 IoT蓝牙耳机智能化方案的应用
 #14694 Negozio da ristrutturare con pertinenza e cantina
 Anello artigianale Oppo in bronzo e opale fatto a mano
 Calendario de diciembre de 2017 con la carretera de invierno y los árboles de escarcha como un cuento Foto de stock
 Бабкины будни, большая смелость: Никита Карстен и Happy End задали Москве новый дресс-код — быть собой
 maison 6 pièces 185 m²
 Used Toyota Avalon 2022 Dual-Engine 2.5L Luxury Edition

---

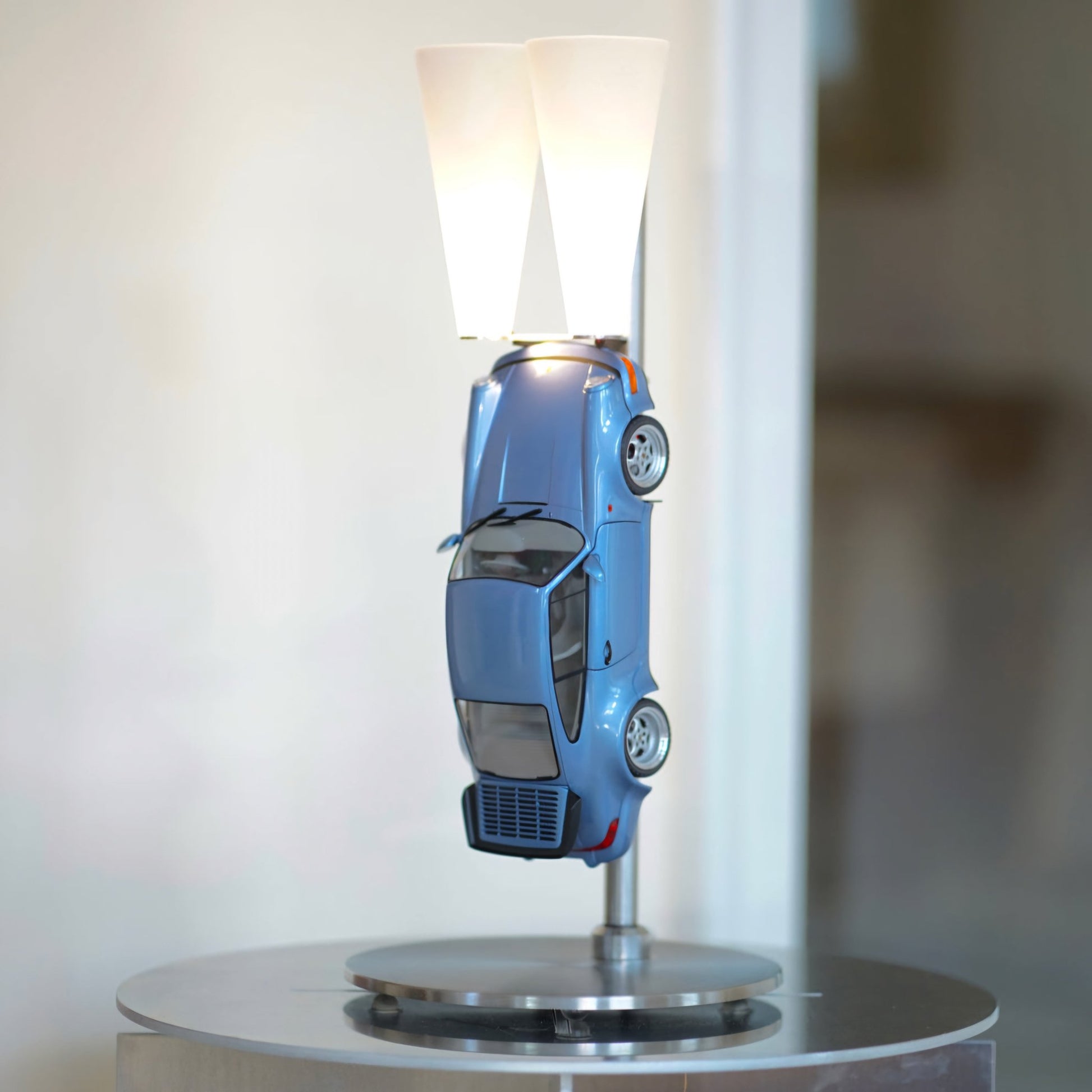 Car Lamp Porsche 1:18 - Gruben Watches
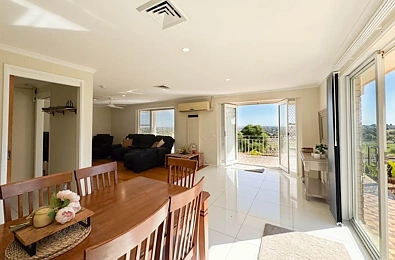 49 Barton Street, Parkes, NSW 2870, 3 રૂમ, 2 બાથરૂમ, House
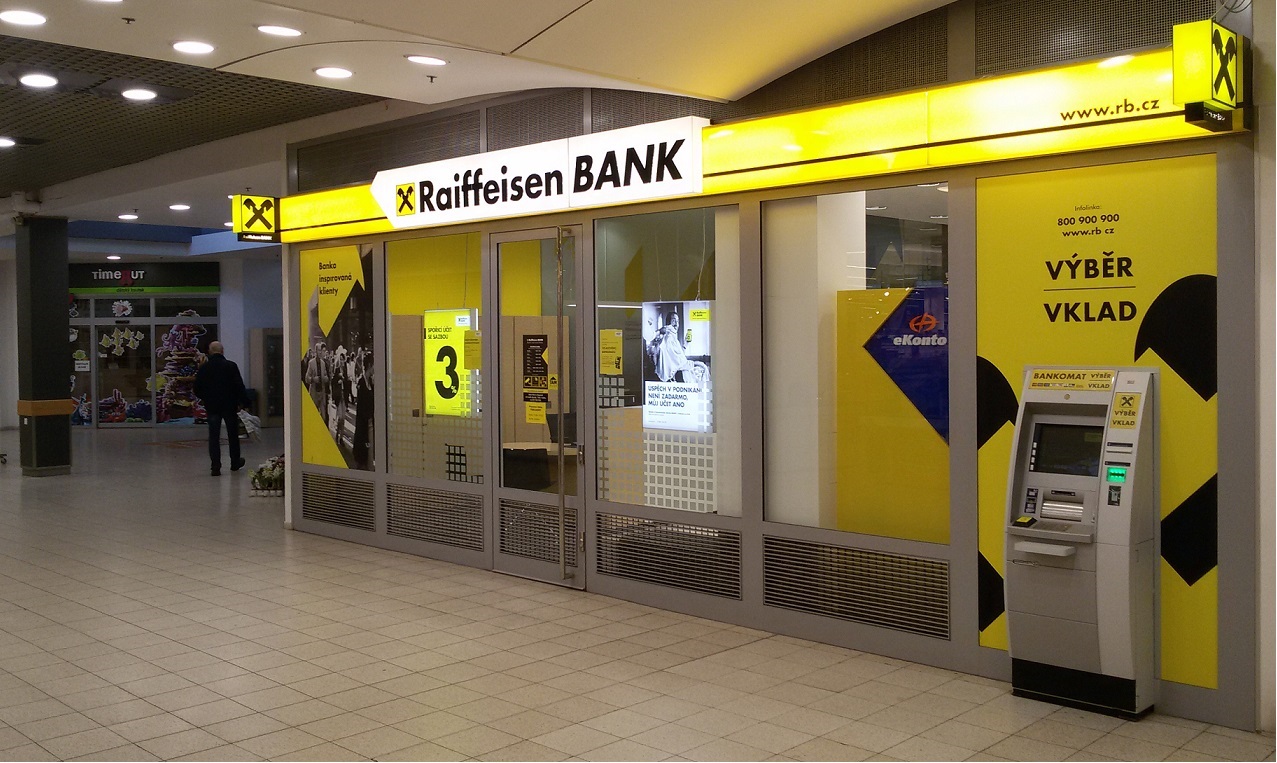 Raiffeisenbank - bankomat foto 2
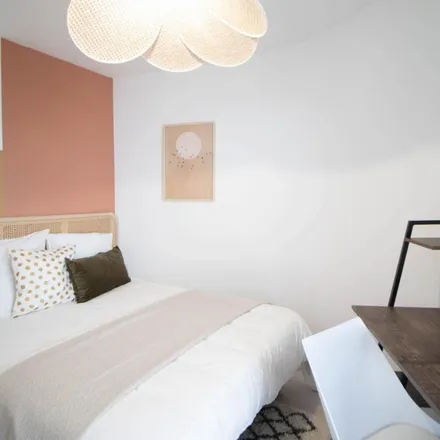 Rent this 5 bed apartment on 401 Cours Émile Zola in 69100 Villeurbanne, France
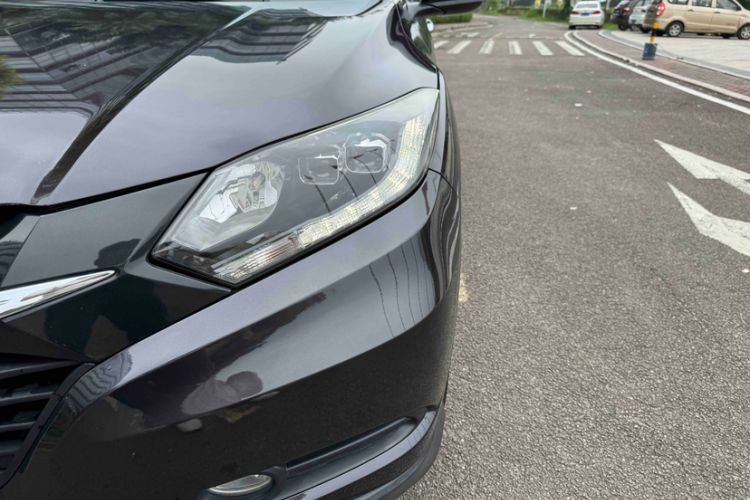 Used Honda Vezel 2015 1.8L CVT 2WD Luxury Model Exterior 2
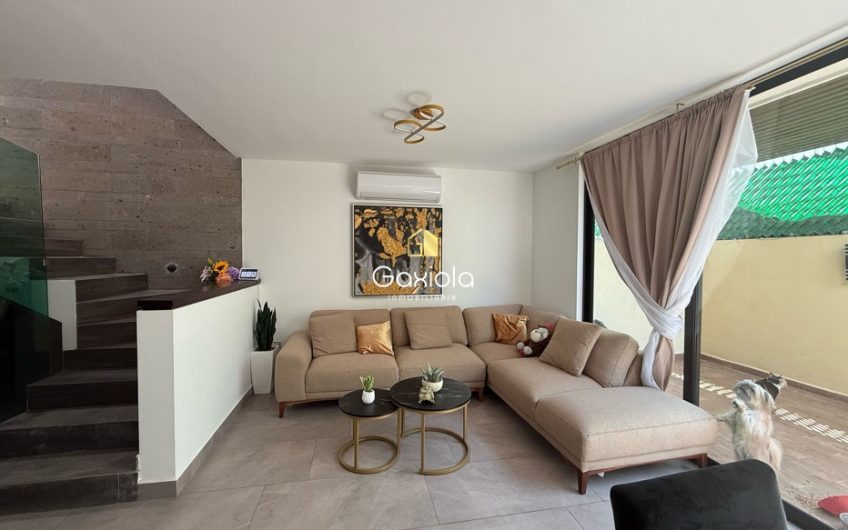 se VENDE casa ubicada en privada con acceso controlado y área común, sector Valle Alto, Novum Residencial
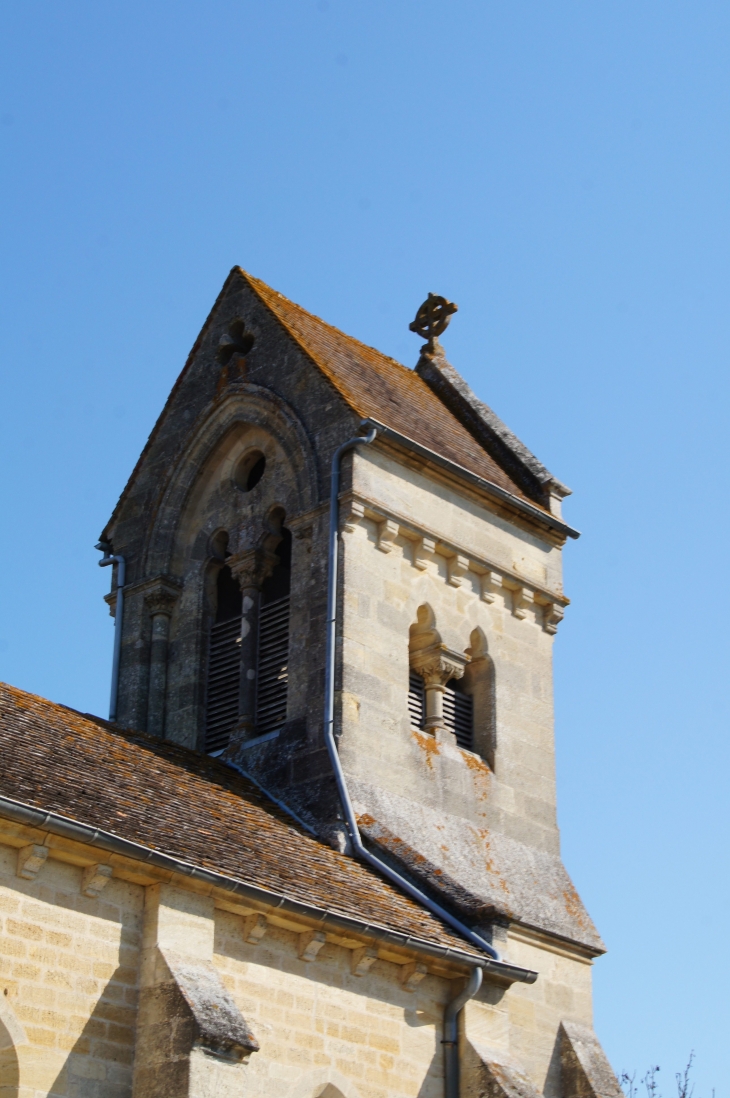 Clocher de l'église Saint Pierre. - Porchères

- [Work request]: Copy the entries above exactly, but only from the line holding "IoT蓝牙耳机智能化方案的应用" through the line holding "Used Toyota Avalon", both included.

- [Task result]:
 IoT蓝牙耳机智能化方案的应用
 #14694 Negozio da ristrutturare con pertinenza e cantina
 Anello artigianale Oppo in bronzo e opale fatto a mano
 Calendario de diciembre de 2017 con la carretera de invierno y los árboles de escarcha como un cuento Foto de stock
 Бабкины будни, большая смелость: Никита Карстен и Happy End задали Москве новый дресс-код — быть собой
 maison 6 pièces 185 m²
 Used Toyota Avalon 2022 Dual-Engine 2.5L Luxury Edition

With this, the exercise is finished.